Teachers can choose the assessment tools they need to collect, organize, and record information about the student learning during the unit.  It is also the informal times that we may see learning.  So choosing how that will be captured-camera, recorder etc. may be an alternate form of assessment to keep on hand.

Assessment as Learning is the ongoing monitoring of student progress, allowing for feedback, changes/tweaking, and adjustments or whatever is needed to give the students a clear understand of how they can improve.  Example:  This can be done in small group, with descriptive feedback, conferences, written exchange of dialogue, oral conversations, etc.  This may be a time when the teacher needs to provide mini-lessons to fill the gaps in learning to make the students successful. 

Here is a link to an article on formative assessment  Formative assessment assists students making them successful by giving suggestions for improving learning rather then just judging.

Summative Assessment is the final task at the end of the unit where students show their final learning.  This can take a variety of forms and should allow for students to show their learning from a variety of tasks.  Some students may want to choose to illustrate their learning through a visual-drawing, artwork.  Some may need to display in an oral conversation, a play etc.  Giving students different assessment strategies based on their learning styles and needs, will engage students and give them other options to display their learning.

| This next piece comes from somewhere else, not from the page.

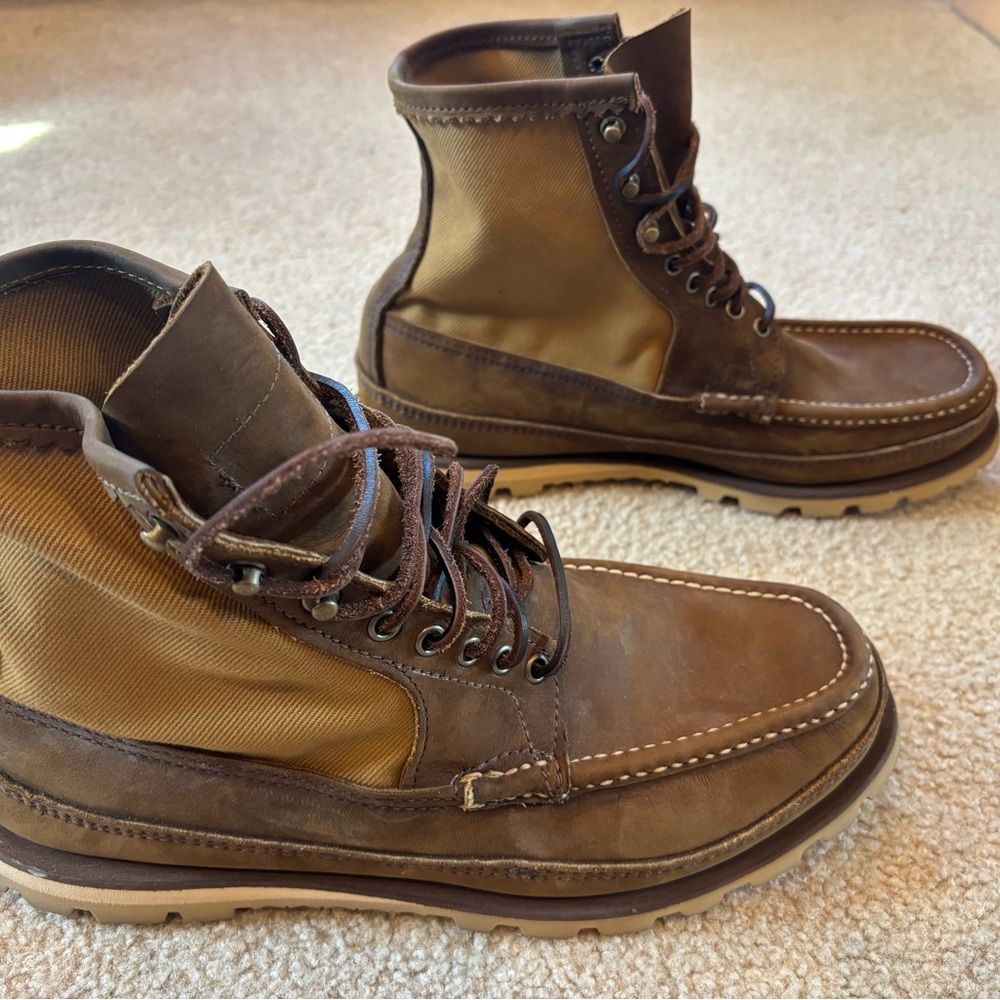 Russell Moccasin - The Professional Hunter (12 Wide)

Here is a full link on ELC around assessment


Focusing on the classroom environment is important in engaging students.  It tells them what is valued, what is important in learning and it will certainly set a tone for learning.  As I return to my classroom I am reflecting on what has worked and what hasn’t and other ways I can give students opportunities to learn new things. 

For example, more computer access to seek information on our inquiry projects, adding mirrors to our light table area, looking at my shelving space and how I can organized various materials to make things more appealing to my students, and creating more centres of inquiry.   With all this happening, how can I better assess my students through documentation.  I created a new form that my ECE partner and I can track conversations in a more organized fashion and we can simply slip the forms into portfolios as opposed to always typing the information out.  I also gathered more clipboards to have at each station and labelled these as our documentation boards.  

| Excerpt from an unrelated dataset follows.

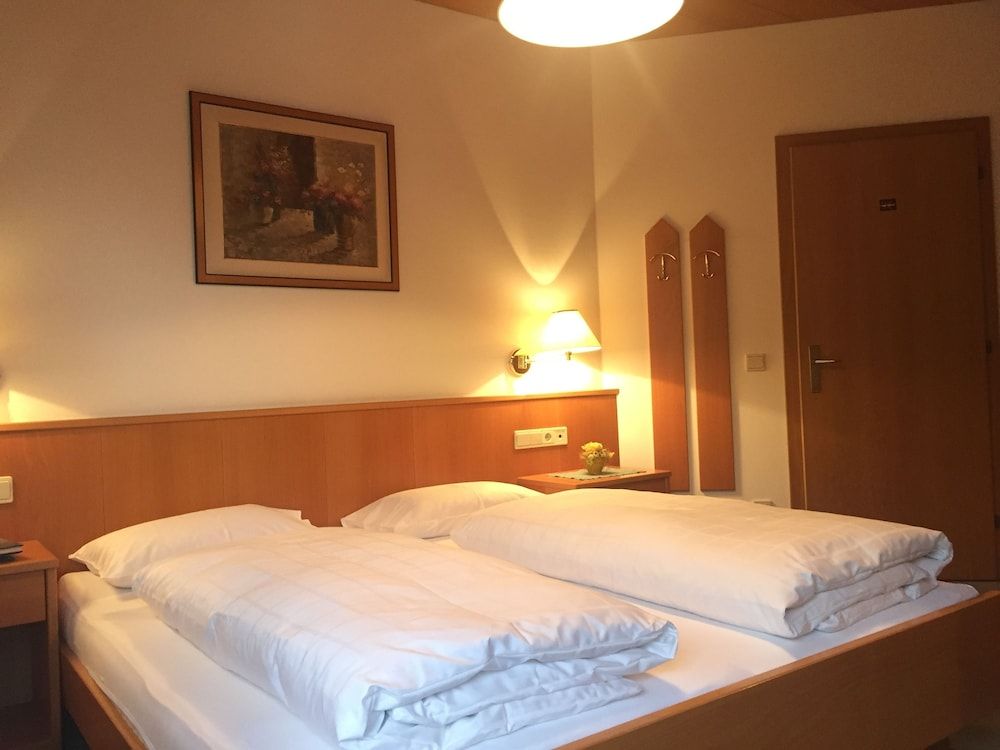 Economy Double Room, 1 Bedroom, Balcony (Old Building)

Here are a few photos of centre idea where children can be creative. 

This is a great little centre that focuses around found materials.  Students can develop their fine motor skills in connection to math or art.  The mats are earth tone in colour and are used as a different surface for children to create.

  This centre idea uses material found at the dollar store.  There are jewels and stones of different colours that you can place in different baskets sorted by colour/shapes/size its up to you.  You can use placemats, black felt, photo frames that students can use to display their different art pieces.  Again, you can connect to math and a great oral language opportunity for the children.

Here are some pictures of one environment to get you thinking about your space.  Reflective Questions:  What do you do when the environment is not working for your students?  How can you place materials that will engage student learning?  How can I document student learning and display it?


Now that the you have had the opportunity to meet your students over the last little while, you can reflect on your daily schedule.  Thinking it Through has a plan for both full and half days. .  Some things can’t be changed due to the large schedules within your school,  but you can always try to move things around if they are in the best interest of your students.  Many schools are on the balanced day program with 3, 100 minute blocks of learning.  I always ensure that my students get 60 minutes or more in one of those blocks, and a second block of about 45 minutes.  The reason behind the time frames is to allow the children to explore the centre, select materials, create/manipulate, think and change, discuss, and share their learning without having to rush.  They are learning how to learn!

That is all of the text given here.